Short web captions
☆ ☆ ☆
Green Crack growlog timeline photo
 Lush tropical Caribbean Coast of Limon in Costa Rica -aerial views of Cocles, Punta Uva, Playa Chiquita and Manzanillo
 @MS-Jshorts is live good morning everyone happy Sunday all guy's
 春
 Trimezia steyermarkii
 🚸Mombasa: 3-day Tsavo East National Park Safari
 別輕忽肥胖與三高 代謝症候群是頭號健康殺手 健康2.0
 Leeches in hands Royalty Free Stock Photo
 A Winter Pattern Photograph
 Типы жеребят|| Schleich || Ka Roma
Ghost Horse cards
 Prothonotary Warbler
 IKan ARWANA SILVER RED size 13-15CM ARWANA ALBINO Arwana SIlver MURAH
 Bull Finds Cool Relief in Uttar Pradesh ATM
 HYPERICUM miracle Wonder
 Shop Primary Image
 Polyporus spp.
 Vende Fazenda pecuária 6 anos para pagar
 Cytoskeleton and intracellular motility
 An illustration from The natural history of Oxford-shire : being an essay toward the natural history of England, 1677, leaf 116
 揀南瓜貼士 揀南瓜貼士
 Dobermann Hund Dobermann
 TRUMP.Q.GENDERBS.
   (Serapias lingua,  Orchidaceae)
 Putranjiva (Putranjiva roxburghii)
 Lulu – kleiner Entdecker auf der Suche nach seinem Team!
☆ ☆ ☆
** Task goal **
Using the entries above, please restate each one word for word.

** Output below **
Green Crack growlog timeline photo
 Lush tropical Caribbean Coast of Limon in Costa Rica -aerial views of Cocles, Punta Uva, Playa Chiquita and Manzanillo
 @MS-Jshorts is live good morning everyone happy Sunday all guy's
 春
 Trimezia steyermarkii
 🚸Mombasa: 3-day Tsavo East National Park Safari
 別輕忽肥胖與三高 代謝症候群是頭號健康殺手 健康2.0
 Leeches in hands Royalty Free Stock Photo
 A Winter Pattern Photograph
 Типы жеребят|| Schleich || Ka Roma
Ghost Horse cards
 Prothonotary Warbler
 IKan ARWANA SILVER RED size 13-15CM ARWANA ALBINO Arwana SIlver MURAH
 Bull Finds Cool Relief in Uttar Pradesh ATM
 HYPERICUM miracle Wonder
 Shop Primary Image
 Polyporus spp.
 Vende Fazenda pecuária 6 anos para pagar
 Cytoskeleton and intracellular motility
 An illustration from The natural history of Oxford-shire : being an essay toward the natural history of England, 1677, leaf 116
 揀南瓜貼士 揀南瓜貼士
 Dobermann Hund Dobermann
 TRUMP.Q.GENDERBS.
   (Serapias lingua,  Orchidaceae)
 Putranjiva (Putranjiva roxburghii)
 Lulu – kleiner Entdecker auf der Suche nach seinem Team!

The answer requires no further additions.